Meg Kurdziolek ('05, '07, '11)
UX Researcher, Google
Class of ’05, ’07, ’11
I am a human factors and user experience (UX) researcher with 10+ years of industry experience. I have had a varied career, working for start-ups and large companies alike. Some of the topics I’ve published work on include: design research, educational-technology design, information visualization, human-robot interaction (HRI), and voice user interface (VUI) design. Currently, I’m a UX Researcher at Google, where I focus on making troubleshooting painless for Google Cloud Customers. I say I'm a "three-time Hokie", because I received my Ph.D. (‘11), master’s (‘07) and bachelor’s (‘’05) degrees from the Department of Computer Science at Virginia Tech.
How did the department equip you for the ‘real world’?

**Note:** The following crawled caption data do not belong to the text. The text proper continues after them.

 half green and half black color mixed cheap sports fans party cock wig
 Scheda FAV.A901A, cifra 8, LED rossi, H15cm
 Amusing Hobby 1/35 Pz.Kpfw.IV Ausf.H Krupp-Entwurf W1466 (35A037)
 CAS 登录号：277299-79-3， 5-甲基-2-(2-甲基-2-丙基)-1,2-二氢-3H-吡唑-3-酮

There are several skills and competencies I developed at Virginia Tech that I still use and practice routinely in my career. From my bachelor’s degree, I really learned "how to learn.” I know that no matter how technologies change, I am capable and able to learn it. That has allowed me to be fearless and gain technical expertise quickly in new domains. But also a lot of the skills I practiced during my master’s and doctorate years have been evergreen.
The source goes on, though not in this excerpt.